KABELL YEARS 1971-1979 contains 4 LPs originally released on the Kabell label: CREATIVE MUSIC-1 (1972)/REFLECTAVITY (1974)/SONG OF HUMANITY (1976)/AHKREANVENTION (1979).
Personnel: Wadada Leo Smith (autoharp, zither, wooden flute, harmonica, recorder, trumpet, flugelhorn, horns, drums, cymbals, percussion, bells, gong, sound effects); Wadada Leo Smith (marimba); Oliver Lake (flute, soprano saxophone, alto saxophone, marimba, percussion); Anthony Davis (flute, piano, electric piano, organ); Wes Brown (flute, double bass); Wes Brown (flute); Pheeroan akLaff (drums, percussion).
Liner Note Authors: George Lewis ; Anthony Davis ; John Zorn ; Henry Kaiser; Larry Ochs ; Bobby Naughton.
Recording information: Educatiion Center For The Arts, New Haven CT (12/18/1971-??/??/1979); Mapenzi, Oakland, CA (12/18/1971-??/??/1979); The Gallery, New Haven CT (12/18/1971-??/??/1979); WKCR FM, New York, NY (12/18/1971-??/??/1979).
Authors: George Lewis ; Anthony Davis ; John Zorn ; Henry Kaiser; Larry Och; Alvin Singleton; Leroy Jenkins; Thomas Buckner .
Editor: Wayne Peet.
Photographer: Eugene Chadbourne.
Trumpeter, composer, music theorist, and cultural activist Wadada Leo Smith has been a leading light in the jazz and new music vanguard for nearly 40 years.
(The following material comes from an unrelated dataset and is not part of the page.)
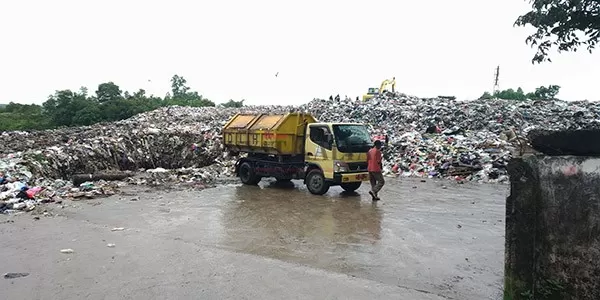 VOLUME SAMPAH: Terjadi peningkatan volume sampah hingga 141 ton per hari di TPA Hake Babu selama Ramadan.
His numerous recordings for Black Saint, Moers Music, Pi, Boxholder, ECM, Tzadik, and other labels in Europe, Japan, and the United States are all elements of the evolutionary progress of his wonderfully idiosyncratic system called "new world music." This four-CD box set on John Zorn's Tzadik label is incontrovertible proof of the label's mission to issue music by artists he respects regardless of commercial value or "critical" (d)evaluation. Kabell was a label set up by Smith to document his theories regarding not only the structure of music but its sonorities, its integrational possibilities with society at large, and of course more requisite ideas about the development of harmony, tonal integration, and the language of elocution he created. The box compiles music from four albums: the truly moving and beautiful first Kabell release (Creative Music -- 1), which featured Smith solo using trumpet, fl?gelhorn, and a plethora of percussions and stringed instruments; the trio sides with pianist Anthony Davis and bassist Wes Brown from the second Kabell album (Reflectativity); the trio and quintet sides with his New Dalta Ahkri band that included Oliver Lake and Pheeroan akLaff in addition to Brown and Davis from the next Kabell disc (Song of Humanity); and his return to solo work and extended composition from the fourth Kabell disc (Akhreanvention).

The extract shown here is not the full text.